Artigo da minuta da PEC diz, porém, que as propostas do Congresso e os atos do Poder Executivo que provoquem ampliação de despesas, isenções e renúncia de receitas para o enfrentamento da covid-19 ficam dispensados das limitações legais que existem hoje para fazer esse tipo de medida. O texto não cita, mas uma dessas limitações é a necessidade compensação da perda de arrecadação com medidas de aumento de impostos ou corte de despesas.
Segundo apurou o Estadão/Broadcast, essa possibilidade só aconteceria se fosse decretado o estado de calamidade. Ainda assim, seria preciso que o preço dos combustíveis fosse entendido como um problema relacionado à calamidade.
A PEC fala de forma geral, sem especificar, por exemplo, a desoneração do diesel e do gás de cozinha que o presidente Jair Bolsonaro anunciou na semana passada, que começa a valer no dia 1º de março.
A minuta diz que, para as restrições serem suspensas, a renúncia precisa ser feita para enfrentar a calamidade e suas consequências sociais e econômicas. Um conceito bem abrangente que serve para todo tipo de ação, inclusive viabilizar programas voltados para socorrer as empresas, como ocorreu na pandemia na semana passada.

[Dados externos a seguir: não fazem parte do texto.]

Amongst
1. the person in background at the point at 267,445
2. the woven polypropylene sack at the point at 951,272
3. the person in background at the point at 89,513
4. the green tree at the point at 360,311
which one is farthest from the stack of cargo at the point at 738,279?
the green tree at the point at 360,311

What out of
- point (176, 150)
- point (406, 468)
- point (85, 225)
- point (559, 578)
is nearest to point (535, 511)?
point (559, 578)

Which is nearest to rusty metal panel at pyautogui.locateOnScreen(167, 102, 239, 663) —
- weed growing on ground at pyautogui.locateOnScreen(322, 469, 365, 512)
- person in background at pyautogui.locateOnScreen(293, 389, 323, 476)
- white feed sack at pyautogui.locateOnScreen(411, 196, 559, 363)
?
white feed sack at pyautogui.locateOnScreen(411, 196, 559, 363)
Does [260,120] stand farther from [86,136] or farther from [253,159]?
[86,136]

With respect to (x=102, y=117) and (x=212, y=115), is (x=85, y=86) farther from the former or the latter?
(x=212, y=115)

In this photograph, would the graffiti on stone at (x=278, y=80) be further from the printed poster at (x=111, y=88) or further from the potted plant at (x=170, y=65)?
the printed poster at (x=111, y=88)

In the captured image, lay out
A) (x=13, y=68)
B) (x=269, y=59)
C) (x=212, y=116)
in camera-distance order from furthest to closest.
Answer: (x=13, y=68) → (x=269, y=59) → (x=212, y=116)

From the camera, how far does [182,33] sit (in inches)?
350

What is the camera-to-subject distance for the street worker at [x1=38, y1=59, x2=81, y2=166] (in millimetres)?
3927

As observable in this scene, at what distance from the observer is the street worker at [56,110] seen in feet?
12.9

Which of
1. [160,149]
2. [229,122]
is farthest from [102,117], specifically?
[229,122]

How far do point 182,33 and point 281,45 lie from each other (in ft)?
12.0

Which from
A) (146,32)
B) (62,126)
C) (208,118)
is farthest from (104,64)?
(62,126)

Pressionado pelos caminhoneiros, que ameaçam uma greve, o presidente Jair Bolsonaro quer zerar os tributos federais sobre o diesel por dois meses. Ele também quer zerar a tributação do gás de cozinha. Mas pela Lei de Responsabilidade Fiscal (LRF) essa desoneração tem de ser feita com a compensação.
Nas últimas duas semanas, o presidente deu sinais de que vai procurar suspender ou mudar essa regra da compensação, uma das travas mais importantes da LRF para o controle do aumento de gastos.

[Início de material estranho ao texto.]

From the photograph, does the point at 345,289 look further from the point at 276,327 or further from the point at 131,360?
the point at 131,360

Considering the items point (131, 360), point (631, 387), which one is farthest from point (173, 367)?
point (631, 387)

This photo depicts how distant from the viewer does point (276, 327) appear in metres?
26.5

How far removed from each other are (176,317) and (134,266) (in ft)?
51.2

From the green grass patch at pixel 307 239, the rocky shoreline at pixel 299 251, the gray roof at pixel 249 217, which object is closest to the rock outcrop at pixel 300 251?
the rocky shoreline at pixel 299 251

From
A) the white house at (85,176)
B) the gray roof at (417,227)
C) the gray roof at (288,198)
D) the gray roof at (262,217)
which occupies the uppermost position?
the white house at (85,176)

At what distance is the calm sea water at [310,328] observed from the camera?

Esse assunto é motivo de desgaste com a equipe econômica. A área técnica do Ministério da Economia alega que será crime de responsabilidade fiscal se o governo fizer a desoneração sem a compensação.
Transparência
Para o diretor executivo da Instituição Fiscal Independente (IFI) do Senado, Felipe Salto, a desoneração de PIS/Cofins sobre o diesel poderia ser feita sem a necessidade da compensação exigida pela LRF porque tem duração de apenas dois meses. Ele destacou, porém, que é recomendável ampliar a transparência no anúncio das medidas e demonstrar que o governo será responsável fiscalmente.
Segundo Salto, o artigo 14 da LRF, que cobra a compensação, fala da concessão de incentivos ou desonerações com efeito no próprio exercício e nos dois anos seguintes, o que não é o caso da desoneração do diesel, prevista para durar dois meses. A área econômica calcula impacto de R$ 3 bilhões.
“Minha interpretação é que artigo 14 é muito claro, ele diz que medidas que tenham efeitos fiscais por dois anos ou mais devem ser compensadas. Quando faz mudança de PIS/Cofins para dois meses, a rigor não se enquadra no artigo 14, mas vai ter que colocar no Orçamento, que não está aprovado ainda”, disse Salto em coletiva para apresentar o Relatório de Acompanhamento Fiscal da IFI.
Segundo ele, se o governo incluísse “no mínimo uma reestimativa” das receitas, incorporando o impacto da desoneração, já seria “fiscalmente responsável”. “Se ele disser que a estimativa de receita era R$ 1,595 trilhão e agora é R$ 1,598 trilhão, e mostrar que reestimativa é suficiente para bancar desoneração, entendo que está sendo fiscalmente responsável”, afirmou.
O diretor da IFI Daniel Couri afirmou que talvez o Tribunal de Contas da União (TCU) seja instado a se manifestar sobre a polêmica. Dentro do governo, a ala política não quer fazer a compensação, pois teria de cortar subsídio de outros setores, enquanto a área econômica insiste na medida. O ex-secretário da Receita Federal Jorge Rachid entende, por sua vez, que há necessidade sim de cumprir o artigo 14 da LRF.
“O que importa é que dê transparência e mostre de que forma vai impactar as contas”, afirmou Couri, lembrando que há ainda críticas direcionadas ao mérito da política, se ela distorce ou não os preços dos combustíveis.
Salto destacou que decisões sobre gastos são de natureza política, mas o espaço para financiá-los também depende de outras ações políticas.